Hanevy Ould Dehah should have been released on 24 December 2009 on completing a six-month sentence on a trumped-up charge.
(RSF/ IFEX) – Reporters Without Borders reiterates its call for the immediate release of Hanevy Ould Dehah, the editor of the website Taqadoumy, and the withdrawal of all the charges against him. Dehah is being retried on the same charges on which he has already served a six-month sentence. The trial opened on 1 February 2010 and the next hearing is scheduled for 4 February.
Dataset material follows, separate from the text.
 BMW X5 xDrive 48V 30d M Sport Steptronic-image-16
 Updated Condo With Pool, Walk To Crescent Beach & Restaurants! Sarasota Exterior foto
The court is acting as if last summer’s trial never took place. It has ordered the prosecutor’s office to correct procedural errors denounced by Dehah’s lawyer, but it has not ruled on his arbitrary detention or, as yet, the substance of the case.
“The authorities need to realise that they are being monitored closely both within Mauritania and abroad,” Reporters Without Borders said. “They must demonstrate the independence of their judicial system by clearing Dehah and restoring his freedom.”
Dehah should have been released on 24 December 2009 on completing a six-month sentence on a trumped-up charge of “offending public decency” but the authorities, who are clearly bent on persecuting him, have continued to hold him in a manifestly illegal manner ever since.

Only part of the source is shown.